Construction of xor by 2-stage neural network
Consider the following neural network. This is a neural network with two input layers and two stages. Check if xor can be constructed by using this neural network.
xor_nn_test.py:
#coding:utf-8
from z3 import *
if __name__ == "__main__":
w1 = Real('w1')
w2 = Real('w2')
w3 = Real('w3')
w4 = Real('w4')
w5 = Real('w5')
w6 = Real('w6')
b1 = Real('b1')
b2 = Real('b2')
b3 = Real('b3')
s = Solver()
for i in [0.0,1.0]:
for j in [0.0,1.0]:
print "-*-" * 10
o1 = Real('o1%d%d'%(i,j))
o2 = Real('o2%d%d'%(i,j))
o3 = Real('o3%d%d'%(i,j))
s.add(o1 == If(w1 * i + w2 * j + b1 > 0.0 , 1.0, 0.0))
s.add(o2 == If(w3 * i + w4 * j + b2 > 0.0 , 1.0, 0.0))
s.add(o3 == w5 * o1 + w6 * o2 + b3)
if i+j==1:
s.add(o3 > 0.0)
else:
s.add(o3 <= 0.0)
print s.check()
print s.model()
$ python xor_nn_test.py
> -*--*--*--*--*--*--*--*--*--*-
> sat
> [w5 = 0,
> w6 = 0,
> b3 = 0,
> b2 = 1,
> b1 = 1,
> o300 = 0,
> o200 = 1,
> o100 = 1]
> -*--*--*--*--*--*--*--*--*--*-
> sat
> [o301 = 1,
> w4 = 0,
> o300 = 0,
> o201 = 0,
> o101 = 0,
> b3 = 1,
> b2 = 0,
> o200 = 0,
> w5 = -1,
> w2 = -1,
> o100 = 1,
> w6 = 0,
> b1 = 1]
> -*--*--*--*--*--*--*--*--*--*-
> sat
> [o301 = 1,
> w3 = -1,
> o300 = 0,
> o101 = 1,
> b2 = 1,
> o200 = 1,
> w5 = 1,
> o310 = 1,
> w6 = -1,
> b1 = 0,
> w4 = 0,
> o201 = 1,
> b3 = 1,
> w2 = 1,
> o110 = 0,
> o100 = 0,
> o210 = 0,
> w1 = 0]
> -*--*--*--*--*--*--*--*--*--*-
> sat
> [o301 = 1,
> w3 = -1,
> o300 = 0,
> o101 = 1,
> b2 = 2,
> o200 = 1,
> w5 = 1,
> o310 = 1,
> w6 = 1,
> b1 = 0,
> w4 = -1,
> o201 = 1,
> o111 = 1,
> b3 = -1,
> w2 = 1,
> o110 = 1,
> o211 = 0,
> o311 = 0,
> o100 = 0,
> o210 = 1,
> w1 = 1]
By sat, it was found that xor can be reproduced with the illustrated neural network. The value at that time is
w1 = 1
w2 = 1
w3 = -1
w4 = -1
w5 = 1
w6 = 1
b1 = 0
b2 = 2
b3 = -1
It turns out that Considering the neural network from this coefficient, The neural network on the upper left is
w1 = 1
w2 = 1
b1 = 0
It can be seen that it is composed of the coefficients. As a result, it can be seen that the neural network on the upper left is "OR".

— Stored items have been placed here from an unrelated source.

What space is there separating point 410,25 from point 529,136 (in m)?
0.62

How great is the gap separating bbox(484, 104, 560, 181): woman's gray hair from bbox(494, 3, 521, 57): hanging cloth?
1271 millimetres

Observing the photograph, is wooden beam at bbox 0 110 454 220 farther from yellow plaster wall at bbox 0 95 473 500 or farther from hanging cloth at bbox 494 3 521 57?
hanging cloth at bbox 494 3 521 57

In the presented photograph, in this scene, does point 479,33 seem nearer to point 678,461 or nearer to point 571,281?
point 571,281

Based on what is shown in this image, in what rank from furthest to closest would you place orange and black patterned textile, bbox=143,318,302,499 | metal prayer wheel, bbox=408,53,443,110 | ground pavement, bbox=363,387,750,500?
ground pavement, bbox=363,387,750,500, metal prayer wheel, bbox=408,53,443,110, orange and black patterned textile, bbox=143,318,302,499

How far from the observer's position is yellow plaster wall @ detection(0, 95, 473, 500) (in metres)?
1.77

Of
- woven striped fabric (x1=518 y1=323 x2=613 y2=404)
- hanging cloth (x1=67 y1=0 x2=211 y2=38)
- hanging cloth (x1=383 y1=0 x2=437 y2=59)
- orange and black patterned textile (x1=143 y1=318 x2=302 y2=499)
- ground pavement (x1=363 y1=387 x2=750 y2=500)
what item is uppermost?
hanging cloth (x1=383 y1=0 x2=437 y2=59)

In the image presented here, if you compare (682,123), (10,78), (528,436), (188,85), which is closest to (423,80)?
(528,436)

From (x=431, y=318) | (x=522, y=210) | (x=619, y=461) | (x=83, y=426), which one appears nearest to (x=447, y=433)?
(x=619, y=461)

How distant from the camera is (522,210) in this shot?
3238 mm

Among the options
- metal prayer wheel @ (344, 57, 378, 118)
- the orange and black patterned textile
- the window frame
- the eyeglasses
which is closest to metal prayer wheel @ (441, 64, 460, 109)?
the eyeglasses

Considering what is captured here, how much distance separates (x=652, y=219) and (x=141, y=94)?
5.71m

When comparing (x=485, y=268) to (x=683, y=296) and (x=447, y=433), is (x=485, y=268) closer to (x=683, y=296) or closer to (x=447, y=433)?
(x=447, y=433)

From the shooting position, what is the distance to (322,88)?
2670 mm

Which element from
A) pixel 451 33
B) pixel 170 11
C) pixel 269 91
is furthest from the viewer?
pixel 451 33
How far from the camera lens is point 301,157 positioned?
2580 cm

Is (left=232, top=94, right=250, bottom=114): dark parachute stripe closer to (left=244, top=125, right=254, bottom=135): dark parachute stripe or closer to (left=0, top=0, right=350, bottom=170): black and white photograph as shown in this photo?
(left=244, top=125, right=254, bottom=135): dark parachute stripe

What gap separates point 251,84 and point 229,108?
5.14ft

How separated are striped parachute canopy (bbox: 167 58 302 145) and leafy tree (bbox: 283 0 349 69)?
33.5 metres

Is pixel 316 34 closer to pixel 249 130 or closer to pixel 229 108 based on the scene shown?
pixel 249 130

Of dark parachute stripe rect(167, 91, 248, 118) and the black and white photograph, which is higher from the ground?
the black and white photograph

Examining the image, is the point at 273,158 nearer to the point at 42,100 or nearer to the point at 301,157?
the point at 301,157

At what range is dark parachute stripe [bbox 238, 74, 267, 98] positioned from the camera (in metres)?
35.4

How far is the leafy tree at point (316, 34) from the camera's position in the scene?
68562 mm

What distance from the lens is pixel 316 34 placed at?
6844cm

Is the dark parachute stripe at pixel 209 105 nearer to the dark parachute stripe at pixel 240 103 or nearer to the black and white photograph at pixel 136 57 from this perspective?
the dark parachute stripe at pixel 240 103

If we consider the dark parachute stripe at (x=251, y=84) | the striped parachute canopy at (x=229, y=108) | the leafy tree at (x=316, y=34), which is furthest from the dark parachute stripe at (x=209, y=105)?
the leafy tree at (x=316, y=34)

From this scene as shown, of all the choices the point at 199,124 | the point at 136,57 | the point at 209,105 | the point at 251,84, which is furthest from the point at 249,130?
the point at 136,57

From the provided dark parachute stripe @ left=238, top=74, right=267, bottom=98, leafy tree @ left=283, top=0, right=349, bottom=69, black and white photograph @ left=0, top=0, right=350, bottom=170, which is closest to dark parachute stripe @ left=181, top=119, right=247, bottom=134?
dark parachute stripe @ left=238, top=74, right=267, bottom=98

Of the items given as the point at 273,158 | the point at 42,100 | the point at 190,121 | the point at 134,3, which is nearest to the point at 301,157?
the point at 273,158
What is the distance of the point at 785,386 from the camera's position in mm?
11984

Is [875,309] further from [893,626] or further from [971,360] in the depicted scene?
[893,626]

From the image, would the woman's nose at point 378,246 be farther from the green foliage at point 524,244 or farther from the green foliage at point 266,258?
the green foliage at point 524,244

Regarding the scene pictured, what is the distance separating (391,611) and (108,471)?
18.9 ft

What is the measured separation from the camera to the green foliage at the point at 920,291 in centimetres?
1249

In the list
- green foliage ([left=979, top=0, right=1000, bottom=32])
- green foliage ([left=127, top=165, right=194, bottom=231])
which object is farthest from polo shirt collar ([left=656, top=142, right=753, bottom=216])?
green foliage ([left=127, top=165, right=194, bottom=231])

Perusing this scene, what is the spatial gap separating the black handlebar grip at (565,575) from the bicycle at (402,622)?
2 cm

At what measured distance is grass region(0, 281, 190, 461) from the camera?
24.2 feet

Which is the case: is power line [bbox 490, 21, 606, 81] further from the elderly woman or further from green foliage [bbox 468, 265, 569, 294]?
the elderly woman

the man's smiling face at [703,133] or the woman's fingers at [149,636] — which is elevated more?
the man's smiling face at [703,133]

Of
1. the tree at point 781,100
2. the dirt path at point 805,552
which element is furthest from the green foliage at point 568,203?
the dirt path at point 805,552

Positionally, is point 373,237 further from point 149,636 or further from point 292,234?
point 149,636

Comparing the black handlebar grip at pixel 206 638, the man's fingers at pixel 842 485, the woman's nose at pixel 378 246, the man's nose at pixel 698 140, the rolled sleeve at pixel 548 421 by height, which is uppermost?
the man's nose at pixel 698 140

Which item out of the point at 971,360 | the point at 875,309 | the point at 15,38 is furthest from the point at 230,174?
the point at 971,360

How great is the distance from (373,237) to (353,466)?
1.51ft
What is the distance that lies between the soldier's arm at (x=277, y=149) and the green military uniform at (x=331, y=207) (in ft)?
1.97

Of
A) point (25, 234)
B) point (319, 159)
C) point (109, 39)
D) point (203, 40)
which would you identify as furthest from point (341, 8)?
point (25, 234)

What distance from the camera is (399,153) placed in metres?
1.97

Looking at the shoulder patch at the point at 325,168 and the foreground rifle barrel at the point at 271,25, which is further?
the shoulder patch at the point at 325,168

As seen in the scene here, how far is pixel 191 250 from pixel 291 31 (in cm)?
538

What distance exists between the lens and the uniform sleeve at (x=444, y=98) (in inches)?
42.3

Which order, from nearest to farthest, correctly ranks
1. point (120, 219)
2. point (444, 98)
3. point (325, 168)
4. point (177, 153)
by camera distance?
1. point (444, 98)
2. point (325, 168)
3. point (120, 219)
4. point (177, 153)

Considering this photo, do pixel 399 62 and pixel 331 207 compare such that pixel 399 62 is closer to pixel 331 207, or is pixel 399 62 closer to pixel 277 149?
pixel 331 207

The neural network at the bottom left is
w3 = -1
w4 = -1
b2 = 2
It can be seen that it is composed of the coefficients. As a result, it can be seen that the neural network in the lower left is "nand".

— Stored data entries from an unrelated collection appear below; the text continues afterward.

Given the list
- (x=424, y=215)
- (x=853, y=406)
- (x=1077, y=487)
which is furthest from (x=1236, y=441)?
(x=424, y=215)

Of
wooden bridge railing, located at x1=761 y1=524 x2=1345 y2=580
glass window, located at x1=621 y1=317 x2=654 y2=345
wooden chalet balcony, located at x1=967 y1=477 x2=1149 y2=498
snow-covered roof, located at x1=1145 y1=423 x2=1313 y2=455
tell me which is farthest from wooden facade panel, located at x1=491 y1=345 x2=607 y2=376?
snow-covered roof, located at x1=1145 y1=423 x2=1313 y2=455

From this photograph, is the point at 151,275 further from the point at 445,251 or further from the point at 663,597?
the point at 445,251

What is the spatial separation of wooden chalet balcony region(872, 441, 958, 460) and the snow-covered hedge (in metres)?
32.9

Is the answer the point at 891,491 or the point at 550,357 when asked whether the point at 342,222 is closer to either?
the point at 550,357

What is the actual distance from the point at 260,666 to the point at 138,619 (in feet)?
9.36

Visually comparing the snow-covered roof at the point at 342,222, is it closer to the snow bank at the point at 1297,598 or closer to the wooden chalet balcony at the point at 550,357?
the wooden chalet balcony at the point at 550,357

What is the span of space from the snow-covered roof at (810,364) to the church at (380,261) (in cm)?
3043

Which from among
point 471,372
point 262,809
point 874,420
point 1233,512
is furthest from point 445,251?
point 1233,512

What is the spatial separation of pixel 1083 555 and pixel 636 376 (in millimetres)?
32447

The last neural network on the right
w5 = 1
w6 = 1
b3 = -1
It can be seen that it is composed of the coefficients. As a result, it can be seen that the neural network in the lower left is "and".
If the output is out here
out = (i1 or i2) and not (i1 and i2) According to De Morgan's laws out = (i1 or i2) and (not i1 or not i2) out = (i1 and not i1) or (i1 and not i2) or (i2 and not i1) or (i2 and not i2) here i1 and not i1 = false i2 and not i2 = false So out = (i1 and not i2) or (i2 and not i1) out = i1 xor i2
It can be seen from this that out is the xor output of i1 and i2. Therefore, it can be seen that the xor output could be reproduced by Z3 with a two-stage neural network.
Summary
It is shown that and, or, nand can be constructed by Z3 and nand cannot be constructed by a simple perceptron. We also showed that xor can be constructed with a two-stage neural network in Z3. We also confirmed that the perceptron in that part operates in the same way as and, or, and nand, and showed that xor is also output from the logical formula.